* [Your assignment] Reproduce the material below only from the line with "Basketball T-Shirt (1990s)" to the line with "Bon Chance Mushroom", both included, keeping each line exact and dropping the pictures.

* [Material to process]
########################################
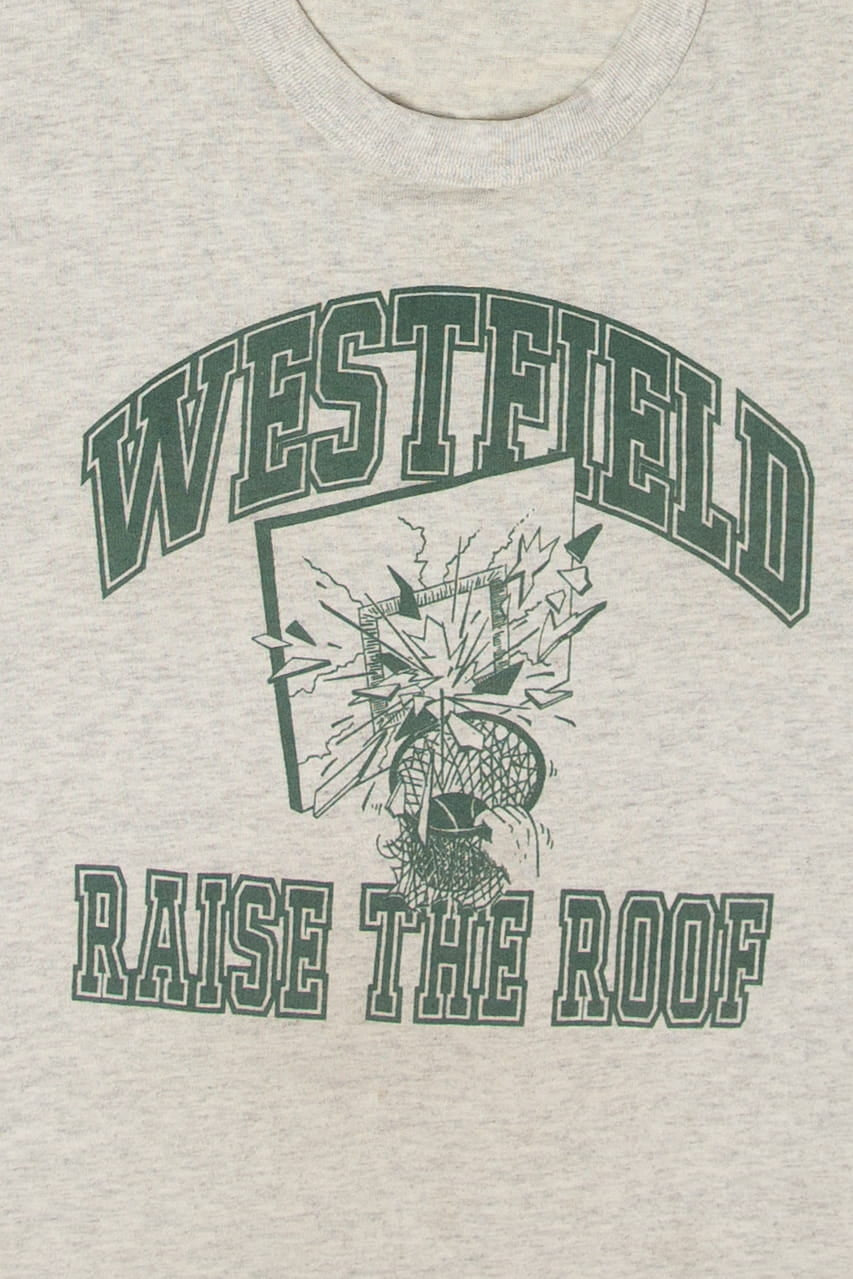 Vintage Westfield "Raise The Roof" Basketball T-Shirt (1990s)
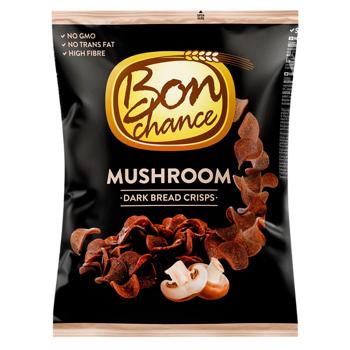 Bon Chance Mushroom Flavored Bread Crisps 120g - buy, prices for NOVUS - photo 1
########################################
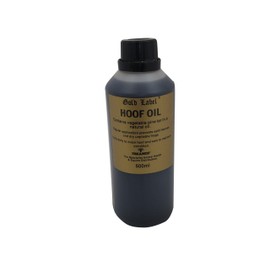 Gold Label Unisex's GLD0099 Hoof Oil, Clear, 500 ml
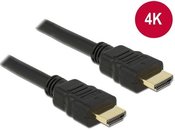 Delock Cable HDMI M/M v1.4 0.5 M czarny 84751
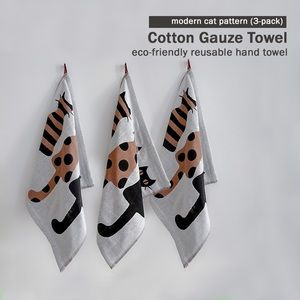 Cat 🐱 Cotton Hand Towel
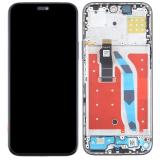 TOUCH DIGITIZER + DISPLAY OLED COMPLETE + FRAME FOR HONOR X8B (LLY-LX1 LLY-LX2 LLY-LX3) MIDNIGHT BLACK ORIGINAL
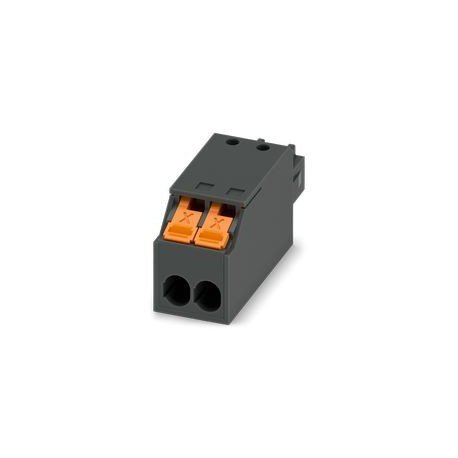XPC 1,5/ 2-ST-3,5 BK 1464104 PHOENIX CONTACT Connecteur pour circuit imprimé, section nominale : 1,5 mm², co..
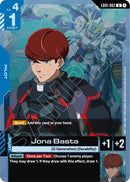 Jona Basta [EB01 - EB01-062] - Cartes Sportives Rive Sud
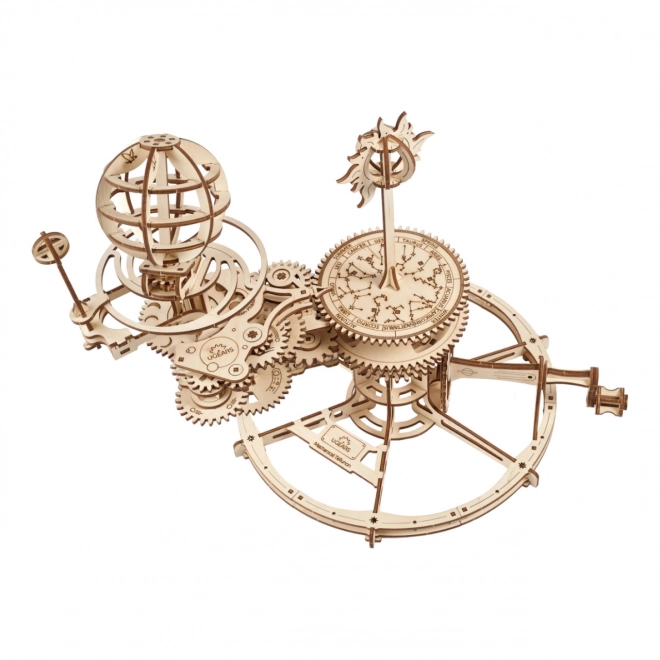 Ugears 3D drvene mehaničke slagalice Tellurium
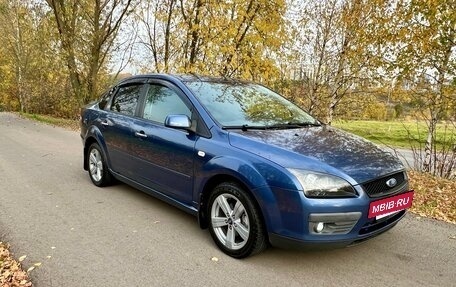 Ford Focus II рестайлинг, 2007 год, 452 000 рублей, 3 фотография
########################################
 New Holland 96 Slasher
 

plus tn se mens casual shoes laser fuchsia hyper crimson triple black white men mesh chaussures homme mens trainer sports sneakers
########################################
* [Your response]
 Vintage Westfield "Raise The Roof" Basketball T-Shirt (1990s)
 Bon Chance Mushroom Flavored Bread Crisps 120g - buy, prices for NOVUS - photo 1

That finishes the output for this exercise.